What is Qualitative Research?
"Some of our greatest insights into social processes can result from what appear to be very ordinary activities – observing, participating, listening, and talking" (Bachman and Schutt, 2001: 279).
Qualitative methods (sometimes called ethnographic, naturalistic, etc.) are generally
associated with interpretive epistemology and tend to be used to refer to forms of
data collection and analysis which rely on understanding, with an emphasis on meanings.

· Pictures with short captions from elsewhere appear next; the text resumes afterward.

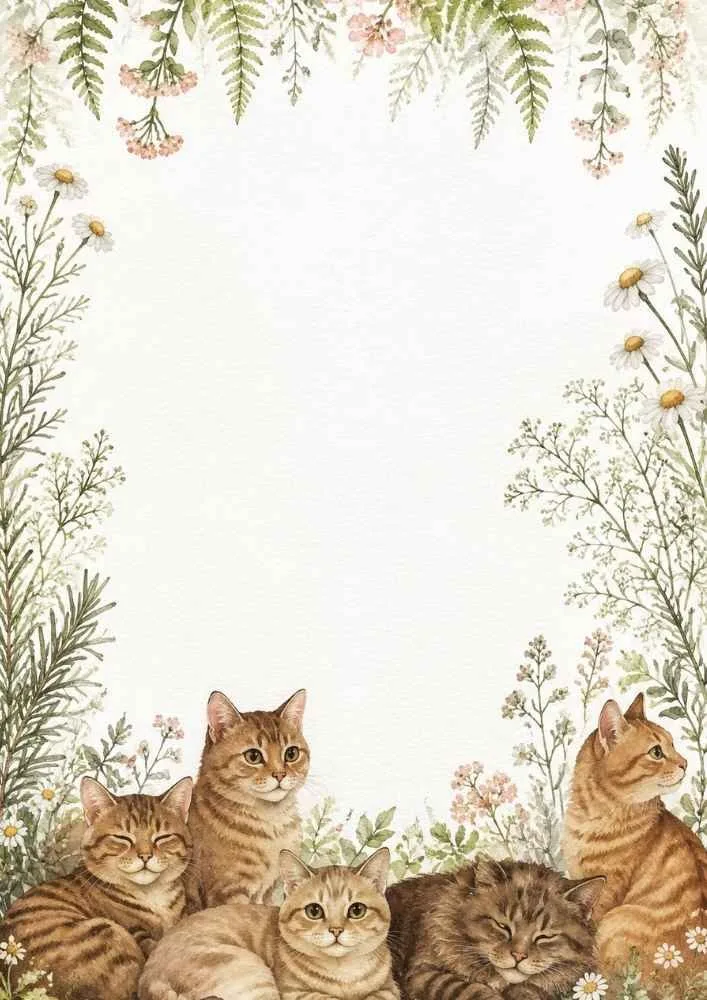 A watercolor border page featuring five cats resting together among flowers and greenery at the bottom. A large blank area fills the center.
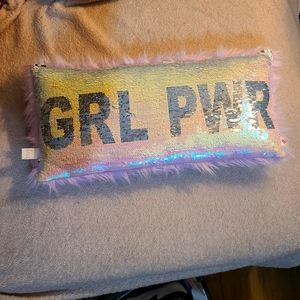 Rectangle throw pillow that says girl power with reversible sequence.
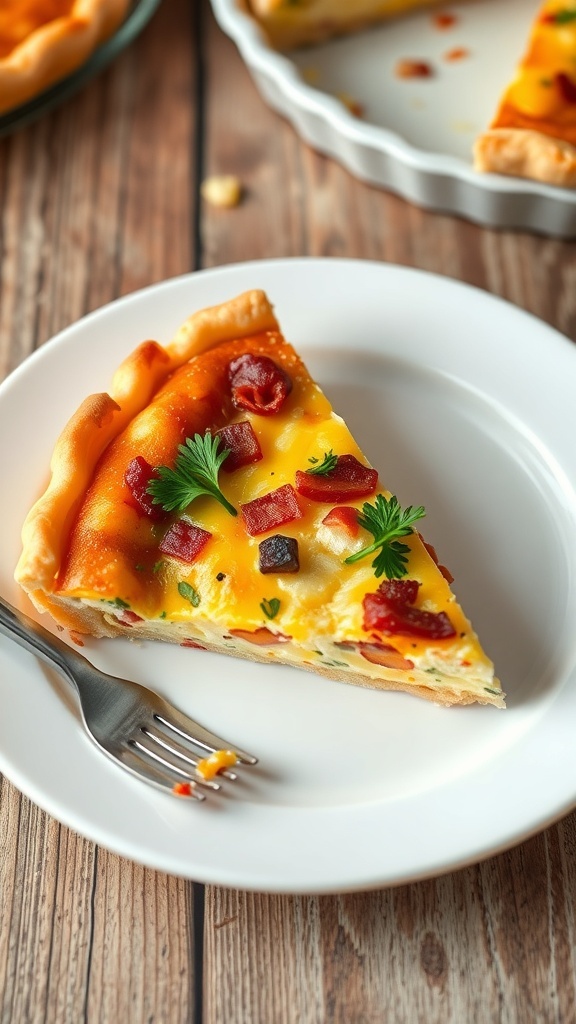 A slice of crustless quiche Lorraine with bacon and cheese, garnished with parsley on a rustic table.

The richness of meaning only comes with words and actions; words and actions that
seek to discover what people think and how and why they act in certain situations
and settings. Qualitative research focuses on the objective nature of behavior as
well as subjective meanings.
Approaches to Qualitative Research
1. The Research Question
Qualitative research does not always begin with a well-defined research question. There may be an interest in a phenomenon previously understudied (such as the social world of ice-fishing) and sometimes research begins with an opportunity (for instance access to residents of a drug rehabilitation center). In both instances the researcher may apply inductive theory (see what comes out at the end and see how it applies to theory) or a theory may emerge during the period of study (grounded theory).
However, qualitative research often begins with a well-defined research question that will attempt to describe/explain/explore, for instance, the relationship between variables such as job satisfaction and caring for elderly parents.
2. Review the Literature
The researcher should be acquainted with current research on the topic and must also demonstrate knowledge of existing literature. A review of the literature will also inform the researcher on methods and analysis. UVU's Library website: http://www.uvu.edu/library/find/ is available to all UVU students and faculty as is the expert help of specialist librarians.
3. Research Design
Although qualitative research does not have a distinct set of methods or practices that are entirely its own, and no specific method or practice is privileged over another they often fall within three distinctive research designs:
(A) participant observation (collecting data from people while they go about their normal activities),
(B) intensive interviewing (usually open-ended, unstructured questioning), and
(C) focus groups (allowing the participants to agree or disagree with each other so that it provides an insight into how a group thinks about an issue)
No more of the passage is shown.